Dataset records:

Start of Block

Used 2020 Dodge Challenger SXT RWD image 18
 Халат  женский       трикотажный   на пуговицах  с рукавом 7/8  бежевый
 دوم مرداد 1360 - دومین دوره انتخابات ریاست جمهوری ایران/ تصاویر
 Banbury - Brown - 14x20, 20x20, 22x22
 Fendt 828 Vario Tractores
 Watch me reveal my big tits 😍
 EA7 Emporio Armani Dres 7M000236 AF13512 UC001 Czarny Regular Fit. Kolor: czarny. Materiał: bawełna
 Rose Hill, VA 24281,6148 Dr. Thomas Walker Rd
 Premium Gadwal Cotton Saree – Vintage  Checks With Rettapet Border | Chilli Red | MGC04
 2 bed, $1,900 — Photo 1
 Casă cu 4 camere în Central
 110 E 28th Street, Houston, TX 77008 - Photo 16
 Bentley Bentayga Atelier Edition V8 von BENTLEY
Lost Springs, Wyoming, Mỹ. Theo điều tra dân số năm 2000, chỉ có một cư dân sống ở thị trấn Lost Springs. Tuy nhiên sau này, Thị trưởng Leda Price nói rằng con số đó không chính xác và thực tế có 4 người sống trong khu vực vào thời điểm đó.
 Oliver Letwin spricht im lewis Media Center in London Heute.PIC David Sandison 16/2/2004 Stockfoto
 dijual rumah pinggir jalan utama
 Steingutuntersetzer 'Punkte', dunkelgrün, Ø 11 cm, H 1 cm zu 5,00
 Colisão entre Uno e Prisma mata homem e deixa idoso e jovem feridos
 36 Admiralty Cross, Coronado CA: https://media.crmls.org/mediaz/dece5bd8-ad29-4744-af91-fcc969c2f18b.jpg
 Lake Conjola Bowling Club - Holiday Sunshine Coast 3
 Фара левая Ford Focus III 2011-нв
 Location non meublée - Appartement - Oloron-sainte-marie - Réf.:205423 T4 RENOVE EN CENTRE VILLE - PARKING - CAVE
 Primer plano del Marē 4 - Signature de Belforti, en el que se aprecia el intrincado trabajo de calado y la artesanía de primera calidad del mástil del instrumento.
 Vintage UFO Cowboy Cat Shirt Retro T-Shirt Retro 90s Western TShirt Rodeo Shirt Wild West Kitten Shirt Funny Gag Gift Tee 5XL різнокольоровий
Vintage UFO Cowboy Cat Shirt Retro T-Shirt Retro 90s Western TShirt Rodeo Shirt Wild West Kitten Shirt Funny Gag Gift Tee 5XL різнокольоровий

End of Block

Problem description: Return every record above exactly as written.

Your solution:
Used 2020 Dodge Challenger SXT RWD image 18
 Халат  женский       трикотажный   на пуговицах  с рукавом 7/8  бежевый
 دوم مرداد 1360 - دومین دوره انتخابات ریاست جمهوری ایران/ تصاویر
 Banbury - Brown - 14x20, 20x20, 22x22
 Fendt 828 Vario Tractores
 Watch me reveal my big tits 😍
 EA7 Emporio Armani Dres 7M000236 AF13512 UC001 Czarny Regular Fit. Kolor: czarny. Materiał: bawełna
 Rose Hill, VA 24281,6148 Dr. Thomas Walker Rd
 Premium Gadwal Cotton Saree – Vintage  Checks With Rettapet Border | Chilli Red | MGC04
 2 bed, $1,900 — Photo 1
 Casă cu 4 camere în Central
 110 E 28th Street, Houston, TX 77008 - Photo 16
 Bentley Bentayga Atelier Edition V8 von BENTLEY
Lost Springs, Wyoming, Mỹ. Theo điều tra dân số năm 2000, chỉ có một cư dân sống ở thị trấn Lost Springs. Tuy nhiên sau này, Thị trưởng Leda Price nói rằng con số đó không chính xác và thực tế có 4 người sống trong khu vực vào thời điểm đó.
 Oliver Letwin spricht im lewis Media Center in London Heute.PIC David Sandison 16/2/2004 Stockfoto
 dijual rumah pinggir jalan utama
 Steingutuntersetzer 'Punkte', dunkelgrün, Ø 11 cm, H 1 cm zu 5,00
 Colisão entre Uno e Prisma mata homem e deixa idoso e jovem feridos
 36 Admiralty Cross, Coronado CA: https://media.crmls.org/mediaz/dece5bd8-ad29-4744-af91-fcc969c2f18b.jpg
 Lake Conjola Bowling Club - Holiday Sunshine Coast 3
 Фара левая Ford Focus III 2011-нв
 Location non meublée - Appartement - Oloron-sainte-marie - Réf.:205423 T4 RENOVE EN CENTRE VILLE - PARKING - CAVE
 Primer plano del Marē 4 - Signature de Belforti, en el que se aprecia el intrincado trabajo de calado y la artesanía de primera calidad del mástil del instrumento.
 Vintage UFO Cowboy Cat Shirt Retro T-Shirt Retro 90s Western TShirt Rodeo Shirt Wild West Kitten Shirt Funny Gag Gift Tee 5XL різнокольоровий
Vintage UFO Cowboy Cat Shirt Retro T-Shirt Retro 90s Western TShirt Rodeo Shirt Wild West Kitten Shirt Funny Gag Gift Tee 5XL різнокольоровий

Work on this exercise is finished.